JetBlue canceled or delayed more than 600 flights on Sunday, a quarter of them at Logan International Airport in Boston, as the airline’s operational struggles continued into a second week.

The company faced similar concerns last weekend when dozens of flights through Logan Airport were affected each day. A spokesperson for JetBlue blamed air traffic control issues and severe weather in parts of the country.

After a turbulent last weekend, the airline’s operations stabilized by Tuesday. But the disruptions appeared this weekend to be ongoing.

The 49 JetBlue flights canceled and 107 delayed at Logan Airport Sunday represented more than half the airline’s trips through Boston that day. Nationally, JetBlue saw 151 flights canceled and 484 delayed, according to the flight-tracking website FlightAware.

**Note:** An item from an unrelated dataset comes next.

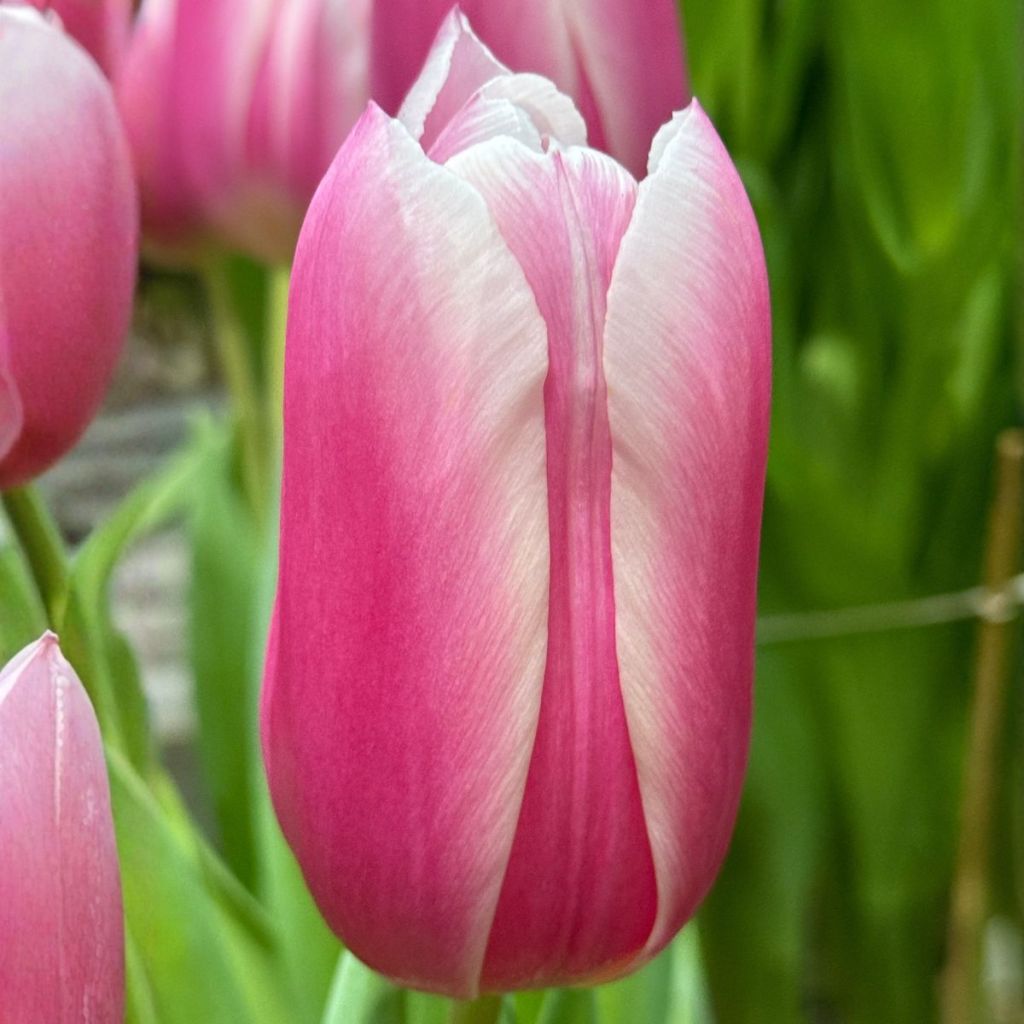 Tulipe Triomphe Kadima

Another 100 JetBlue flights were affected Monday, the most of any American air carrier. Roughly 30 of the trips passed through Logan Airport.

A number of causes could be to blame, according to the Boston Globe. Brian Sumers, editor-at-large of the travel industry news site Skift, told the paper that weather can have a cascading effect on JetBlue’s fleet.

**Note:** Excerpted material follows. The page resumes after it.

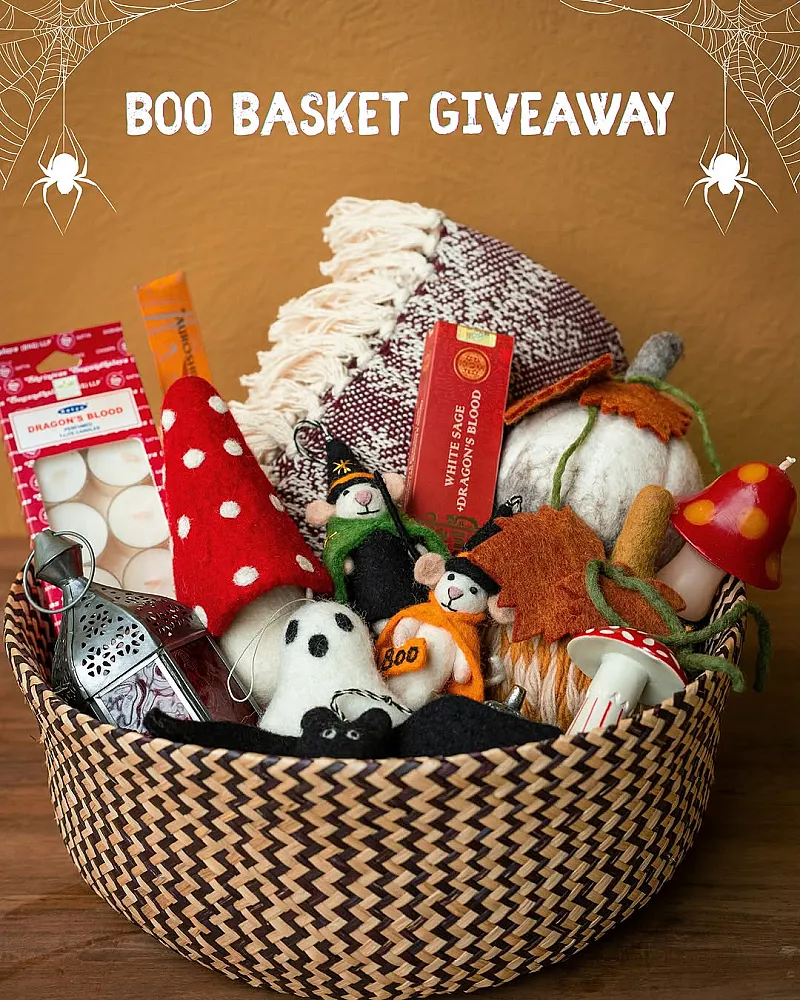 Win a Halloween-themed home bundle worth over £170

Many of the airline’s flights pass through Boston, New York and Florida — all hubs of severe weather.

“When JetBlue hits bad weather, it’s like a domino effect,” Sumers told the news outlet. “It can take them a long time to come back from that.”

In a visit to Boston last week, JetBlue CEO Robin Hayes faced pointed questions on his airline’s struggles during a trip meant to tout a new direct flight to London. Weather in Florida had certainly contributed to the disruptions of JetBlue flights in other parts of the country, he told the Globe in an interview.

“Nearly 50 percent of our flights touch Florida,” Hayes said Tuesday, according to the Globe. “And once you’ve had that amount of disruption, you have a number of crews and airplanes out of position.”

In internal emails on Saturday, JetBlue executives told employees that they were reducing summer flights to alleviate disruptions, CNBC reported. The company had already cut 8 to 10% of its May flights and expected to similarly scale back its operations for the rest of the summer, JetBlue COO and president Joanna Geraghty told staff, according to CNBC.

JetBlue is also in the process of hiring more than 700 people ahead of an expected busy summer travel spike, CNBC reported on March 25. In her email, Geraghty reportedly said the company had hired 2,500 people already this year and was still short-staffed.